Karya ini diterbitkan atas izin NovelToon umnai, isi konten hanyalah pandangan pribadi pembuatnya, tidak mewakili NovelToon sendiri
bab 23
Sabrina terus saja mondar-mandir di kamar, hatinya gelisah. Setelah makan malam bersama Reyhan berjalan lancar, ayahnya tiba-tiba meminta Reyhan untuk tetap tinggal, ingin berbicara empat mata. Hal itulah yang sejak tadi mengusik pikiran Sabrina. Apa yang sedang mereka bicarakan? Apakah semuanya baik-baik saja?
Waktu terasa begitu lambat. Sabrina berulang kali melirik pintu, berharap segera terbuka. Hingga akhirnya, derit pintu yang ditunggu-tunggu itu terdengar. Sosok Reyhan muncul, senyumnya tulus dan menenangkan.
"Belum tidur, ya?" Reyhan bertanya lembut sambil merentangkan tangan, memberikan isyarat kepada Sabrina untuk mendekat. Tanpa ragu, Sabrina segera masuk ke dalam dekapannya, merasakan kehangatan yang ia rindukan.
“Bagaimana? Apa semuanya baik-baik saja? Apa yang Daddy katakan padamu? Apa yang kalian bicarakan?” tanyanya dengan cemas. Kekhawatirannya terpancar jelas dari nada suaranya.

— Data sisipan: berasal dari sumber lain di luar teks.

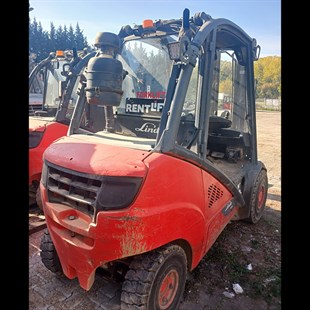 LINDE H30D-393 Dizel Forklift (F1.4164)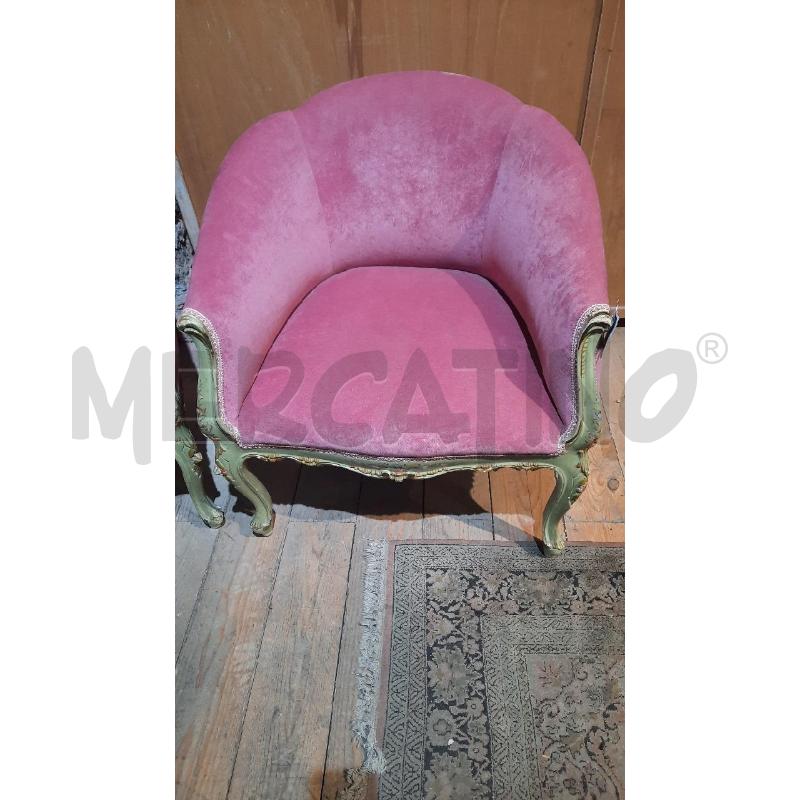 POLTRONCINA COPPIA ROSA | Mercatino dell'Usato Catania stazione centrale 2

Reyhan tersenyum gemas, lalu mengusap kepala Sabrina dengan lembut. “Ssst... semuanya baik-baik saja,” jawabnya.
"Baik-baik saja seperti apa?" Sabrina menatapnya lekat, mencari kepastian.
Reyhan tertawa kecil. “Seperti obrolan seorang pria dengan ayah kekasihnya. Tidak ada yang perlu kamu khawatirkan lagi."
"Benarkah?" Sabrina bertanya, meski hatinya sudah sedikit tenang.
"Apa aku terlihat seperti pembohong?" balas Reyhan dengan nada menggoda.
Sabrina menggeleng pelan, lalu memeluknya lebih erat. "Syukurlah," bisiknya dengan lega.
Setelah beberapa saat dalam pelukan, Reyhan tiba-tiba berkata, "Ayo, ambil jaketmu. Aku ingin kita pergi keluar."
"Kemana?" tanya Sabrina heran.
Reyhan tersenyum misterius. “Ambil jaketmu dulu, nanti kamu juga akan tahu.”
Rasa penasaran menyelimuti Sabrina saat mereka tiba di tepi danau yang diterangi cahaya lampu-lampu cantik. Pemandangannya begitu indah, jauh berbeda dari yang biasa ia lihat di siang hari.
“Aku tidak tahu kalau danau ini bisa secantik ini di malam hari,” komentar Sabrina kagum.
“Belum banyak yang tahu, karena lampu-lampu ini baru saja dipasang,” jelas Reyhan sambil memeluk Sabrina dari belakang, mengecup lembut kepalanya.
Sabrina merasa nyaman, tapi rasa ingin tahunya belum hilang. "Jadi, untuk apa kau membawaku ke sini?" tanyanya sambil menoleh.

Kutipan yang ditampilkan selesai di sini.